Un des défis de l’observation des baleines est la durée d’apparition du petit morceau de corps à la surface. Souvent, une baleine ne montrera que 10% de son dos en à peine quelques secondes lorsqu’elle émerge pour respirer. Parfois, les observateurs restent incrédules, se demandant bien quelle espèce vient de passer sous leur nez.
C’est ce qui s’est passé le 24 mars, à Cap-des-Rosiers, en Gaspésie. Une riveraine observe un point noir apparaitre sur la mer lisse et calme. Une baleine, sans aucun doute, mais de quelle espèce? Six à huit minutes plus tard, la baleine fait surface à nouveau, plus loin. Intriguée, la riveraine interpelle sa voisine et la mère de celle-ci pour essayer de repérer à nouveau ce qu’elle croit être un petit rorqual. Malgré les trois paires d’yeux rivées sur l’eau, l’animal ne reparait pas. Deux jours plus tard, la même riveraine voit cette fois un rorqual à bosse au large de sa maison. Est-ce un des individus présents la semaine dernière? C’est possible, comme ce pourrait être un nouvel arrivant dans le golfe du Saint-Laurent.
Certains rorquals à bosse plus rapides pourraient déjà terminer leur migration. Dans le golfe du Maine, aux États-Unis, les rorquals à bosse et rorquals communs commencent à être observés en bon nombre. Les baleines noires de l’Atlantique Nord, elles aussi, ont envahi ce golfe. Le 21 mars, un seul recensement aérien au large de Cape Cod a permis de compter 89 individus, soit un quart de la population estimée! Il est donc fort possible que des baleines noires fassent leur entrée dans le golfe du Saint-Laurent sous peu. Le 30 mars, une cinquantaine d’individus de cette espèce nageaient près de Nantucket, tout comme trois rorquals à bosse et trois rorquals communs.
Mais qu’est-ce qui se passe avec cette peau?
Deux ornithologues installés à Rivière-Ouelle se font «déranger» par l’arrivée d’un troupeau de bélugas dans leur mire. Habituellement, le couple ne regarde les mammifères marins que distraitement, préférant les plumages bigarrés à la peau lisse des baleines. Mais un des cétacés capte leur attention. Sa peau foncée est couverte de taches plus pâles. Un narval? La petite baleine s’approche à moins de 100 mètres du quai et lève la queue en plongeant, laissant un nuage de bulles derrière lui.

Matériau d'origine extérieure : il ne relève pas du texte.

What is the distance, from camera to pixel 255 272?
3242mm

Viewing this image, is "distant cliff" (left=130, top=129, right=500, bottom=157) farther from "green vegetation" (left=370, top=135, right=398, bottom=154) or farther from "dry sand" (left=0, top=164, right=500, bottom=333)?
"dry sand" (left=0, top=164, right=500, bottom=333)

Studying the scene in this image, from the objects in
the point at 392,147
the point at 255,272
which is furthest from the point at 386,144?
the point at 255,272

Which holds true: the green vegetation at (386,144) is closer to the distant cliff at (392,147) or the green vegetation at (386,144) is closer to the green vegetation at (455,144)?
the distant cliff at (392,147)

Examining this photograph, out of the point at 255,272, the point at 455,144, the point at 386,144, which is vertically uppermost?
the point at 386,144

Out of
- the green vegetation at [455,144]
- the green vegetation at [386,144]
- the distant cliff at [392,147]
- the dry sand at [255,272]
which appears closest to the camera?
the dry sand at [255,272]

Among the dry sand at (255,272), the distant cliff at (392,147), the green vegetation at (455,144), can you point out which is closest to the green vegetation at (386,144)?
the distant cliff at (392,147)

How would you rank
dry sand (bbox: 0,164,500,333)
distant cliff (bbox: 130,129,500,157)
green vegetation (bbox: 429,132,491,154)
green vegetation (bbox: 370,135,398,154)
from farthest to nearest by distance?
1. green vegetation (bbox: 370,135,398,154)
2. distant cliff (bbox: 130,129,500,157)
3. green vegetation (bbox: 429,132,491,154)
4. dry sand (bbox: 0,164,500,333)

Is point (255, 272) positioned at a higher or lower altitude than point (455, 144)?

La forme de la queue du béluga intrigue les observateurs. Elle est plus arrondie que celle des rorquals. Puis, un peu plus loin, un deuxième individu foncé et tacheté fait surface. Pendant trente minutes, une des ornithologues suit la nage des petites baleines. Elle les photographie et envoie les photos au Groupe de recherche et d’éducation sur les mammifères marins, avec l’espoir un peu fou d’avoir vu deux narvals parmi les bélugas. Mais plutôt, les chercheurs lui confirment qu’elle a vu un bleuvet! Ce stade de coloration survient après la première année de vie des bélugas et peut durer jusqu’à la troisième année. Même si nous avons l’habitude d’imaginer le béluga tout blanc, cette espèce change de couleur entre sa naissance et l’âge adulte, où il a sa coloration blanche bien connue entre 12 et 16 ans. Ce changement de pigmentation donne un défi supplémentaire aux chercheurs pour identifier individuellement les bélugas, puisque certaines marques peuvent disparaitre avec le temps.
À Saint-Siméon, ce sont des bélugas blancs accompagnés de jeunes gris qui surprennent un riverain le 27 mars. Trop excité, l’observateur se rue nu-pieds dehors pour filmer son observation. Il compte une dizaine d’individus qui, par leur passage, lui annoncent le printemps.